Von der Verbindungsstelle zwischen diesen beiden Widerständen wird der Basis des
Transistors 25 ein Signal zugeführt; das andere Ende des Widerstandes 28 liegt am
negativen
Pol einer Vorspannungsquelle - V1. Das Ausgangssignal
des Begrenzers 21 wird am Kollektor des Transistors 25 abgenommen, der über einen
weiteren Widerstand 29 ebenfalls an der gleichen negativen Vorspannungsquelle -
V1 liegt.
-
Im Betrieb ist das Eingangssignal des Begrenzers 21 normalerweise
negativ, derart, daß die Basis des Transistors 25 auf einem negativen Wert gehalten
wird, so daß die Kollektor-Emitter-Strecke leitend ist und die Ausgangsgröße des
Begrenzers 21 daher nahezu den Wert Null hat.
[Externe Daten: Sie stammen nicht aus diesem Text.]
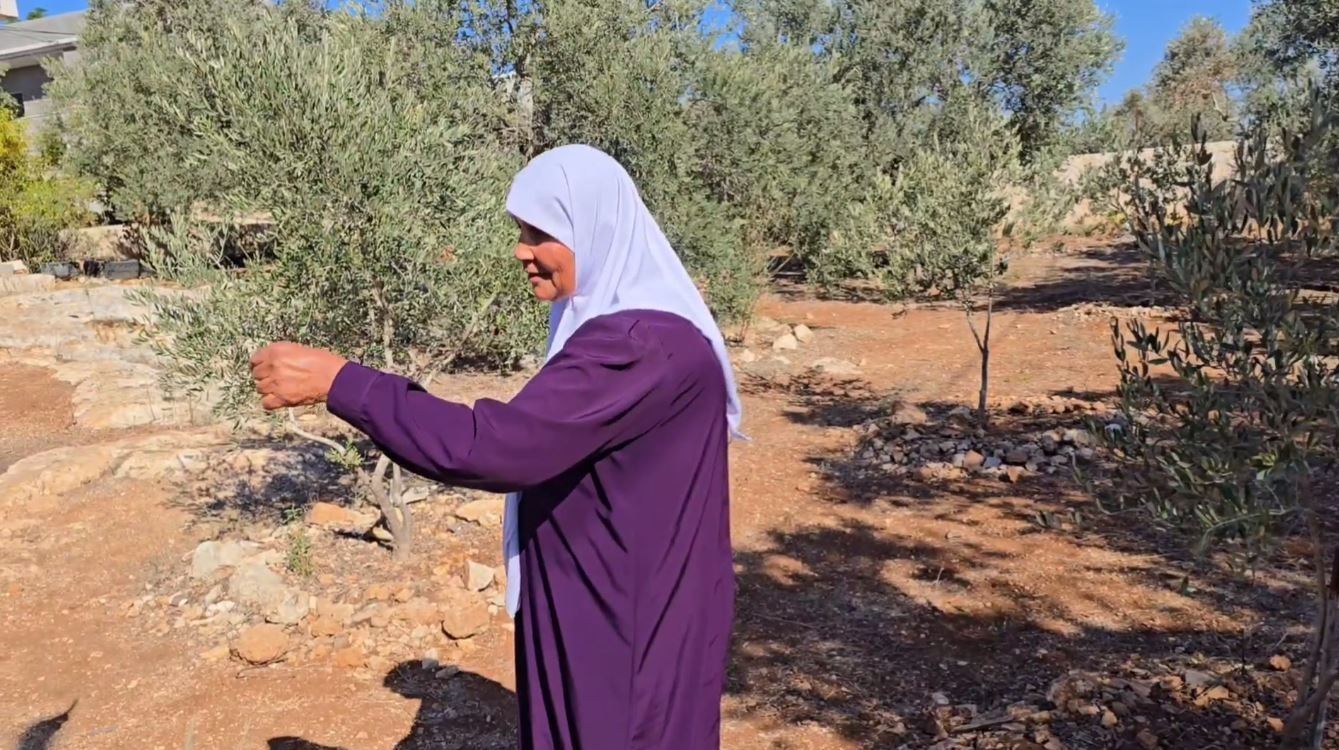 معاناة الأسرى الفلسطينيين , الأسرى الفلسطينيون , تبادل الأسرى , إعدام الأسرى , الإهمال الطبي للأسرى الفلسطينيين , 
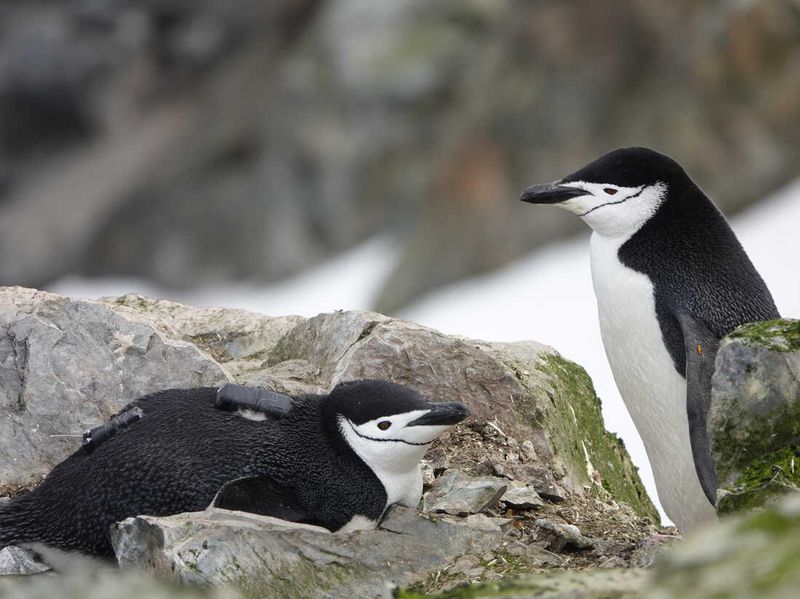 Chinstrap Penguin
Sobald dem Transformator 15 der die
Zündung der Röhre V steuernde positive Gitterimpuls zugeführt wird, kann, entsprechend
dem Verhältnis der Widerstandswerte der Widerstände 27 und 28 und der Vorspannungspotentiale
in der Schaltung, die Basis des Transistors 25 ein positives Potential annehmen,
dessen Wert durch die Wirkung der Diode 26 begrenzt wird, aber zur Sperrung des
Transistors ausreicht. Unter diesen Umständen sinkt das Ausgangssignal des Begrenzers
21 auf den niedrigen Wert - V, ab, d. h., es wird stark negativ.
-
Der Begrenzerverstärker 22 weist ähnliche Schaltelemente wie der Verstärker
21 auf und liefert in entsprechender Weise ein Ausgangssignal, dessen Wert normalerweise
nahezu Null ist, das jedoch einen stark negativen Wert anzunehmen sucht, sobald
von der Röhrenschaltung ein überschußspannungs-Eingangssteuersignal zugeführt wird.
-
Der UND-Detektor 23 besteht lediglich aus einer Diode 30. Im Falle,
daß das Ausgangssignal des Begrenzerverstärkers 22 in der vorstehend beschriebenen
Weise stark negativ zu werden beginnt, wird die Diode 30 dies verhindern, sofern
der Transistor 25 sich in seinem leitfähigen Zustand befindet. Falls jedoch die
Ausgangsgröße des Begrenzers 21 ebenfalls stark negativ ist, wird die Diode 30 unwirksam.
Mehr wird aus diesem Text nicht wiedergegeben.